The character (it would be giving too much away to say how he comes to know that a horrible sort of magical correspondence links his life with the creative powers of the writer) is outraged at a vulgar fellow daring to profit from writing about his unsuccessful love affairs. He is a would be Byronic type from Pushkin’s own age, and he would like to challenge Aleks Sager to a duel, but to do that with a commoner would be too demeaning; however, a spot of defenestration is another matter again…

Besides, he’s seen the lovely Natalie Nicholson, whom Aleks Sager is eagerly pursuing, and has decided that he wants her for himself, at all costs.

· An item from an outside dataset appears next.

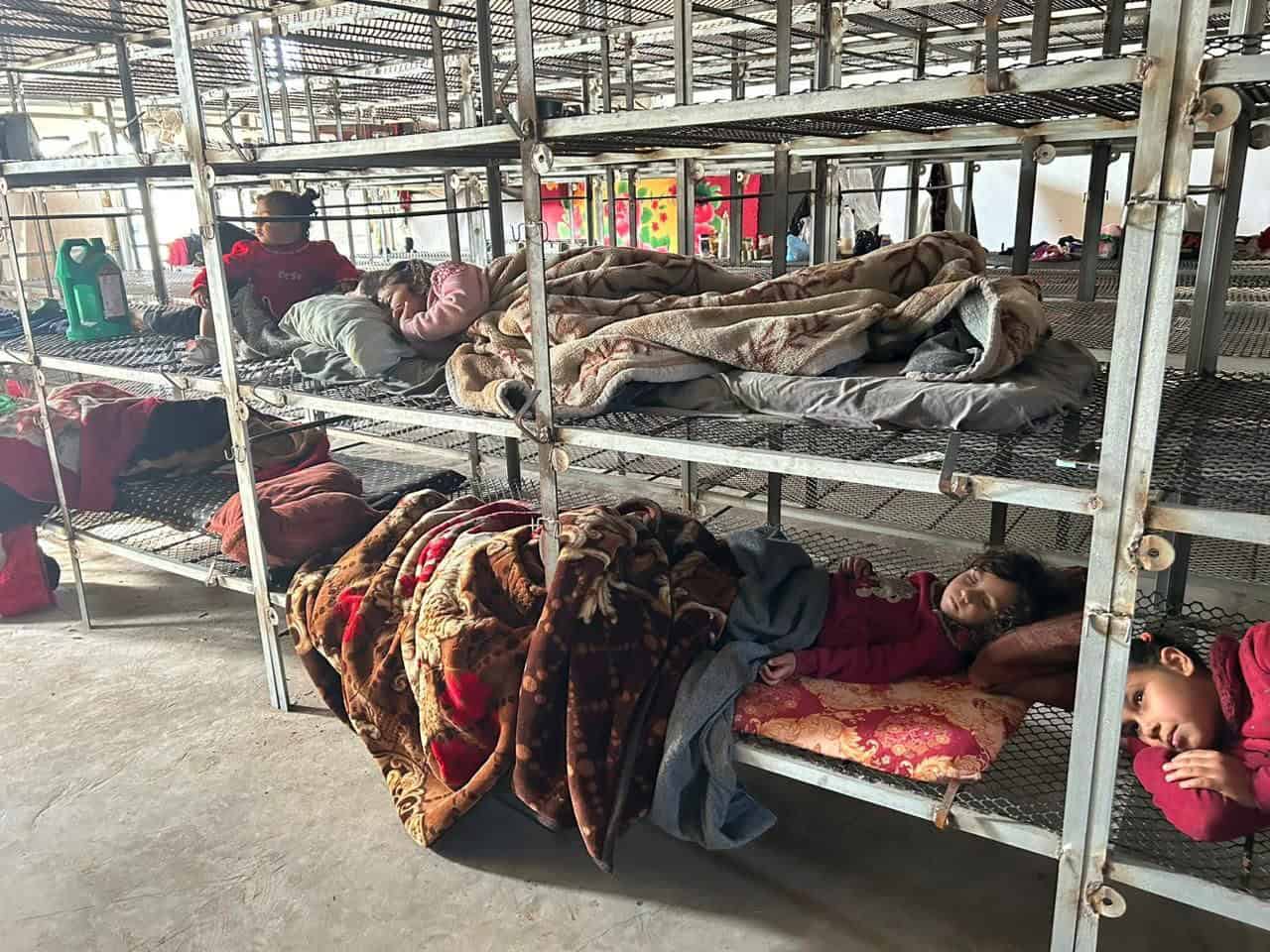 أطفال غزة ينامون بأقفاص الدجاج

But how horrible to be haunted by one of your own characters. How fearsome one gloomy, overcast evening when the wind howls round the eves (I know, Mari! That is a horror cliché for sure) to be writing in your study (in my case, the spare bedroom with a desk in it, in Aleks Sager’s a real study), to hear the door open, and to see that a strangely familiar person is lurking in the doorway, an expression of fixed hatred on the face and murderous intent in the eyes…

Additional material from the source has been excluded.